Dopo il campionato del mondo la federazione inglese difese la sua decisione di rinnovare il contratto solo a quelle rugbiste che facevano parte del programma della nazionale a sette, ma tentò di rimediare con un gettone di presenza complessivo per i test match di novembre pari a un massimo di 5 000 sterline a giocatrice, da calibrare a seconda degli incontri disputati; ancora un anno dopo la Coppa del Mondo la RFU, per bocca del suo presidente Steve Brown, comunicò l’intenzione di valutare l’opportunità di estendere il professionismo alle donne fin dalla stagione 2018-19.

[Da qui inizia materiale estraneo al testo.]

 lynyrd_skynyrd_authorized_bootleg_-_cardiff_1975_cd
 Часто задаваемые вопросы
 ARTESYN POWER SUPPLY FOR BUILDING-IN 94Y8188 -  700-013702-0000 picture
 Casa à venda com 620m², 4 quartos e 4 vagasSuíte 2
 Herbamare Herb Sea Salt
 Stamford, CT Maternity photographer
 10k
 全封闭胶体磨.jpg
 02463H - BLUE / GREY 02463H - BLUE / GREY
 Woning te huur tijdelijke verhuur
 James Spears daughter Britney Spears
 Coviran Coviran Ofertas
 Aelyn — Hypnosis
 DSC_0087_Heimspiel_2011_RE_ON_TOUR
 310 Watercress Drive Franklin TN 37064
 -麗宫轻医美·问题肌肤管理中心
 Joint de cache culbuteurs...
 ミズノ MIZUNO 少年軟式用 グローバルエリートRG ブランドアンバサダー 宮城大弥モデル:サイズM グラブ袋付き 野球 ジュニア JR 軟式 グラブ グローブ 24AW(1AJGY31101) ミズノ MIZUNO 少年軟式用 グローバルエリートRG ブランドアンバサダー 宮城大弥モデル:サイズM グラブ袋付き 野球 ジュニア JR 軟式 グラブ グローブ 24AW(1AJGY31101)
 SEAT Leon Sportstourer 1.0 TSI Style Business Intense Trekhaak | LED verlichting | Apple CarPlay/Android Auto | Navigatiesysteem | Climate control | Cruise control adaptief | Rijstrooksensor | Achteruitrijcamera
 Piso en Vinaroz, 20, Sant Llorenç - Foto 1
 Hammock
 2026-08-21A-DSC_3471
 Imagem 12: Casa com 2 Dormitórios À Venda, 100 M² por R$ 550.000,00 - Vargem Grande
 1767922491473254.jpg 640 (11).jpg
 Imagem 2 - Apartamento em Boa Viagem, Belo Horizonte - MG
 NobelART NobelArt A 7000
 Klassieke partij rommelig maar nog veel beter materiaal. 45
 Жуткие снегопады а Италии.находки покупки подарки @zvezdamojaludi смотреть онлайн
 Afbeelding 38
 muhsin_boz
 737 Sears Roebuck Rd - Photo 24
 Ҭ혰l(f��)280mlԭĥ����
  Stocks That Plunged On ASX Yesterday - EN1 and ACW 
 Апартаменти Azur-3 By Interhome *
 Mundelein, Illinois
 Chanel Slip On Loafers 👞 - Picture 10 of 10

Il C.T. Simon Middleton ha cessato il suo incarico dopo la vittoria nel Sei Nazioni 2023. Il suo posto è stato assegnato ad interim all'ex giocatrice Sarah Hunter in attesa che il C.T. designato, il neozelandese John Mitchell, esaurisca i suoi impegni di allenatore degli avanti della nazionale maschile giapponese, impegnata nella Coppa del Mondo 2023.